Many organizations are looking to design an infrastructure that integrates a focus on racial equity at every turn — and the Annie E. Casey Foundation is no exception.
That’s why the nonprofit National Equity Project is working with Casey Foundation staff to deepen the organization’s equity-based strategies.
“The National Equity Project shares our belief that every child has a right to have a fair opportunity to succeed — and that effective, equity-focused leaders help make good on this promise,” says Angelique Kedem, a senior associate with the Casey Foundation.
On this front, Stephen Chang — the National Equity Project’s managing director — spends his days teaching individuals and teams to:
- learn the historical context and inequitable patterns of racism and bias;
- figure out how to work with communities, rather than on their behalf; and
- invest in relationship building, in addition to technical skills.
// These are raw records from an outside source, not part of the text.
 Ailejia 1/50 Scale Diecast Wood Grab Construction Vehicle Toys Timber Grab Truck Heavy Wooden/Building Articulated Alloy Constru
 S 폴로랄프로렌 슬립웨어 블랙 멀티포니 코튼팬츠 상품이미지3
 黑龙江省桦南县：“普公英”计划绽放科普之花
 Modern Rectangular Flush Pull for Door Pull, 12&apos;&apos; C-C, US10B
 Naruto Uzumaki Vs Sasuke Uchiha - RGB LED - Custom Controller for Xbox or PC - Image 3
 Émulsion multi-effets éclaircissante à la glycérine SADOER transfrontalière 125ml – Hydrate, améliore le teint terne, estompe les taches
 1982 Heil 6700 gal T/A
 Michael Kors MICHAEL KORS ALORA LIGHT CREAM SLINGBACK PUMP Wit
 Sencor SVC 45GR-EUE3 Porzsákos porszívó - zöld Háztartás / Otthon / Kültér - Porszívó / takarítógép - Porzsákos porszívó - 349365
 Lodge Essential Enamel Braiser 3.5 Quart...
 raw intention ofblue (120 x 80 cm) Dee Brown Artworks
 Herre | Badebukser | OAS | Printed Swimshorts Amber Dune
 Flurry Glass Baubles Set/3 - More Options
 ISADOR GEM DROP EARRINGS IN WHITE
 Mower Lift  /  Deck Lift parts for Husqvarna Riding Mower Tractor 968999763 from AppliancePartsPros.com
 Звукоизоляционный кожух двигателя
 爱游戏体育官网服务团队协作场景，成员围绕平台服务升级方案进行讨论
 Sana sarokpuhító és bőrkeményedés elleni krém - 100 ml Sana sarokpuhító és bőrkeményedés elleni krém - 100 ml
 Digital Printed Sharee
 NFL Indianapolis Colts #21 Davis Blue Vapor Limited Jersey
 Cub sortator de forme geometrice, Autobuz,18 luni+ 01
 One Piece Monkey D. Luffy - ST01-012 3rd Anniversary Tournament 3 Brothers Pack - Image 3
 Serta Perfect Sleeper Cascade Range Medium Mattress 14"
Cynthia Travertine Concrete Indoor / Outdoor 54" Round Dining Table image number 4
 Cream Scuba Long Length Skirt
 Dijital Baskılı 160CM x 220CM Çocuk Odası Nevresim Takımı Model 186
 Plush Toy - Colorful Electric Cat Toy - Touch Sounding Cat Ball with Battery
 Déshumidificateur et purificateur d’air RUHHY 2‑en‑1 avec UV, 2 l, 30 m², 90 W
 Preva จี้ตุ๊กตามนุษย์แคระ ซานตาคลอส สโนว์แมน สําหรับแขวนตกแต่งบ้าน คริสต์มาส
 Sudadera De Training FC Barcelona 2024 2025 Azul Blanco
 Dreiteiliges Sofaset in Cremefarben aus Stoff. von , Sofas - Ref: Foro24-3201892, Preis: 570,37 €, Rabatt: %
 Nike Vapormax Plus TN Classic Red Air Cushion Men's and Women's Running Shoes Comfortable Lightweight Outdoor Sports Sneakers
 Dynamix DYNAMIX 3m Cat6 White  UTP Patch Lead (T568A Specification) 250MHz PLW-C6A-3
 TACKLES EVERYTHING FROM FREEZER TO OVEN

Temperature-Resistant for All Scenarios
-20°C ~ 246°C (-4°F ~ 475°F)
Organizations that work with the National Equity Project start by acknowledging the deep-rooted policies that have created enduring barriers for people of color. Leaders within these organizations also have a role to play — and must be able to recognize the complexity and intensity of current issues.
“To truly transform experiences and outcomes for the children in the communities that have been most underserved, we need to understand how our nation’s history reproduces many of the patterns that we see pervasively across the country,” Chang explains.
Building equity, he says, requires working closely with those who have been directly affected by inequitable practices. To this end, the National Equity Project has taught Foundation staff new strategies for effectively leveraging community feedback in program evaluations.
Another change: Casey teams now talk more openly about topics that are uncomfortable or were previously off-limits. Doing so has paved the way for deeper discussions about race and inequity, says Chang.